New Haven, Conn. -- Benoit Mandelbrot, Sterling Professor of Mathematical Sciences, Emeritus, at Yale University has been named the 2005 recipient of the prestigious Sierpinski Prize, awarded jointly since 1974 by the Polish Mathematical Society and the University of Warsaw.
Waclaw Sierpinski (1882-1969), like Mandelbrot a native of Warsaw, was known for major contributions to abstract mathematics and for the creation around 1920 of a Polish school of mathematics specifically devoted to his particular interest in pure mathematics, "Fundamenta Mathematicae." Polish mathematics took pride in breaking with tradition, and specifically with any possible links between mathematics and the real world. Their perspectives greatly influenced the international "new math" movement in grade and high school education
From 1974 to 2004 the Prize laureates were colleagues of Sierpinski and other pure mathematicians. The fractal geometry of roughness, Mandelbrot's life work, although apparently different in its spirit, in fact, has deep links to this tradition. Ironically, Mandelbrot singled out two shapes favored by the Polish school, labeled them Sierpinski gasket and carpet, and showed both to be extraordinarily useful in representing roughness in nature and Man's works. These structures have become widely known, even to young students.

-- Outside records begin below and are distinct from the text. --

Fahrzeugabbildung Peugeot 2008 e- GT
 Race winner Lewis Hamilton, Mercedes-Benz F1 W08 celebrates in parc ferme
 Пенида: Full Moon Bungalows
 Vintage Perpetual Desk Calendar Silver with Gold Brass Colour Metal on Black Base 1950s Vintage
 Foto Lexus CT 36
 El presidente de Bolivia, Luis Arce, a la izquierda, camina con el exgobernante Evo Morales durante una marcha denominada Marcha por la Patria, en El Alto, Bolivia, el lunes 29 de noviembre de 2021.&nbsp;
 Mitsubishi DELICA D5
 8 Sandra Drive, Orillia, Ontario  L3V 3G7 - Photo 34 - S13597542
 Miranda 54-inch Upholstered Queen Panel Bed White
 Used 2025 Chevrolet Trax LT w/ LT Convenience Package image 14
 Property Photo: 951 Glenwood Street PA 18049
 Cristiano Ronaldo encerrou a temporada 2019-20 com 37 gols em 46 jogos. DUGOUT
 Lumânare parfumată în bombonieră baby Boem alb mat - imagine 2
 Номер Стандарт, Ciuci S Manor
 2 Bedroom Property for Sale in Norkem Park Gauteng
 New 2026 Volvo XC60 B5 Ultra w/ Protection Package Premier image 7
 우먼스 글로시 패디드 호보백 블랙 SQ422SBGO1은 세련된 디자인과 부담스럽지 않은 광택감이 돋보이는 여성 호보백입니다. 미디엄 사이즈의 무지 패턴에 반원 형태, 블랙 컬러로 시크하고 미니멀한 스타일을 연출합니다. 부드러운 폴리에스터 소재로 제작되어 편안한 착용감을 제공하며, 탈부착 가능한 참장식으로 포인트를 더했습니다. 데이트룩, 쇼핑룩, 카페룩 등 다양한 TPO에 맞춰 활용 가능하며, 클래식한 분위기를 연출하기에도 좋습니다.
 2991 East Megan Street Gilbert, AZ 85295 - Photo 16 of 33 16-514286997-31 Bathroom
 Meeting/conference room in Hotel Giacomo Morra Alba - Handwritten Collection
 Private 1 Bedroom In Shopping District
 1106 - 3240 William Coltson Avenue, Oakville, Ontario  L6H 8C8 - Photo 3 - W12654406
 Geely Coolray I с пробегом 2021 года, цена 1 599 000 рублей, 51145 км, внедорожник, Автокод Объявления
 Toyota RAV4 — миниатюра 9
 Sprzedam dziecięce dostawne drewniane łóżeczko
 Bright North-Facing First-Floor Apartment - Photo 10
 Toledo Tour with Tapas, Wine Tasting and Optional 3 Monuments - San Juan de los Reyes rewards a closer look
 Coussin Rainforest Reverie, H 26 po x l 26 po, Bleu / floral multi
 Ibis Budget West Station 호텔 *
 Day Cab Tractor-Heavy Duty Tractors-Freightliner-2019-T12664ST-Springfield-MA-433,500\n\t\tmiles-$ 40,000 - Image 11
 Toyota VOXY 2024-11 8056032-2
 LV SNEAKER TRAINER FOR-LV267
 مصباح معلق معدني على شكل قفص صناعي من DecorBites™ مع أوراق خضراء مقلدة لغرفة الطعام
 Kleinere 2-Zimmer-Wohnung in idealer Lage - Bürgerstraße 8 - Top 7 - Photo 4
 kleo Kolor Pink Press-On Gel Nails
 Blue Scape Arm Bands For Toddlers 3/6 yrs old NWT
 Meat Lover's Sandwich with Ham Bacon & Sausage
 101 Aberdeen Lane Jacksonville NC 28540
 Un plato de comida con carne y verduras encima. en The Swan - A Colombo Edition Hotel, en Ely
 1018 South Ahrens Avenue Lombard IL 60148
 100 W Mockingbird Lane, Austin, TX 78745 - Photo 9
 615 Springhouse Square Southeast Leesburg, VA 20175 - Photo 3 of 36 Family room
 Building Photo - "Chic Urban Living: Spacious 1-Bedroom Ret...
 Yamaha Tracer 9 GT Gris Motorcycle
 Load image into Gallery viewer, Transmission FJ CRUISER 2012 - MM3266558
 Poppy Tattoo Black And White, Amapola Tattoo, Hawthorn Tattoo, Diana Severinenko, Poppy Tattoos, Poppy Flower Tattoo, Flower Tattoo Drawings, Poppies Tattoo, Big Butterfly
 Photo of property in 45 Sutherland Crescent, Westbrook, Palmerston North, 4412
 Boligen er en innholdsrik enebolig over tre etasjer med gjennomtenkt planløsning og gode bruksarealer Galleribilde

Fractal geometry credits Sierpinski's work but refutes its interpretation and restores an element of unity that Sierpinski had worked to destroy. Sierpinski also profoundly affected the personal life of Mandelbrot, whom he never met, giving this Prize and the accompanying lecture on "The unity of mathematics" exceptionally rich, personal, and ironic connotations.
On the way to Warsaw, Mandelbrot lectured at the Adam Mickiewicz University in Poznan, Poland, which granted him the first medal named after an early Sierpinski medalist, the great Polish mathematician Wladislaw Orlicz.
Earlier this year, Mandelbrot was awarded the honor of Doctor in Civil Engineering by the Technical University (Politecnico) in Torino, Italy, at the International Congress on Fracture. He was specifically cited for the practical value of fractals for providing the first quantitative measure of the roughness of metal and glass fractures.